O ESPELHO E O DESEJO
Os espelhos da minha mente não são neutros. Refletem imagens marcadas pelo olhar do outro, pelas lembranças da infância, pelas feridas e pelos ideais que me constituíram. Muitas vezes, quando me olho nesse espelho interno, não encontro a mim mesmo, mas o pior do outro: a crítica que me desqualificou, a rejeição que me feriu, a humilhação que me fixou em um lugar de menos-valia. Nesse reflexo, acabo confundindo quem sou com a sombra de quem me atravessou, e minha própria imagem se transforma em cárcere.
Mas aprendi que o espelho não precisa aprisionar; ele também pode devolver o que há de mais vivo em mim: o meu desejo. Sei que minha identidade nasceu de imagens, como mostrou Lacan no estádio do espelho, mas percebo que essa imagem não é estática. Ela pode ser reatualizada, reinscrita, ressignificada. Em meu próprio processo de análise, vou aprendendo a distinguir o reflexo mortífero — aquele que me aprisiona no olhar do outro — da possibilidade de reconhecer-me como sujeito desejante, portador de singularidade e potência.

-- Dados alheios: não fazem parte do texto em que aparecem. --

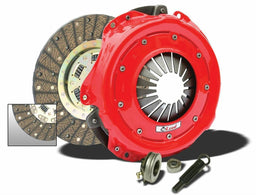 MCLEOD Chev LS1 11", 26 Spline with Flywheel Street Pro Clutch Kit MC75123 Autofit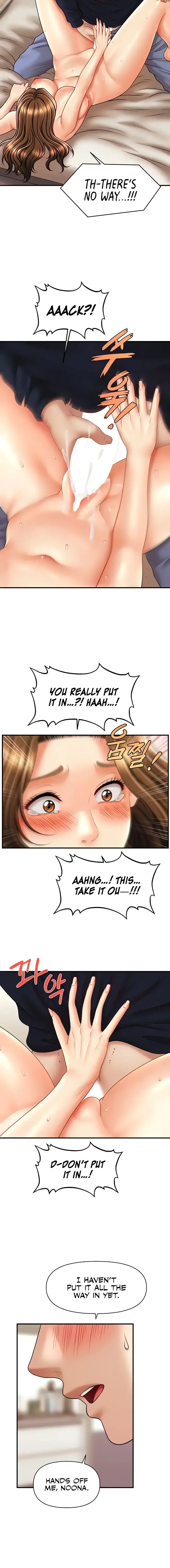 How To Conquer Women With Hypnosis Chapter 19 - Page 8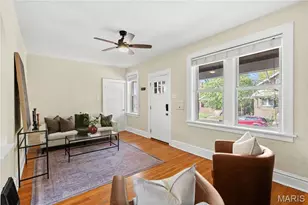 6418 Oleatha Ave, Saint Louis, MO 63139 - Photo 5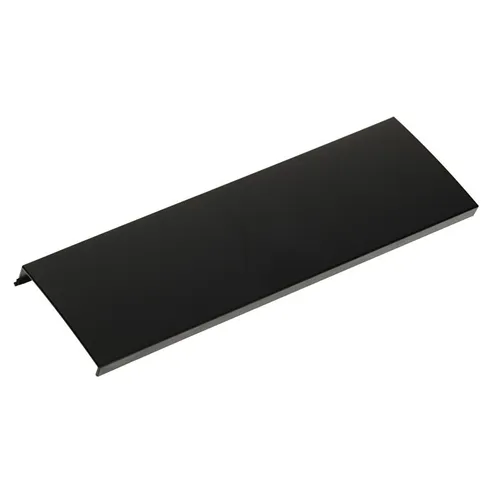 Produktbild Jura Klapptüre schwarz Artikel 66222 / E70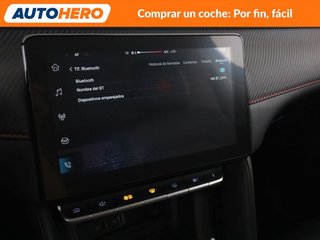 MG ZS 1.5 VTi Luxury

Refletir o melhor de mim não é me iludir com uma perfeição narcísica, mas romper com a tirania das identificações alienantes. É sustentar-me naquilo que não se reduz ao espelho, mas o atravessa: o que insiste, o que falta, o que aponta para além da repetição. O espelho da minha cabeça já não é apenas a superfície onde retorna o olhar do outro, mas o lugar onde posso, enfim, reencontrar-me com o mais íntimo e verdadeiro de mim.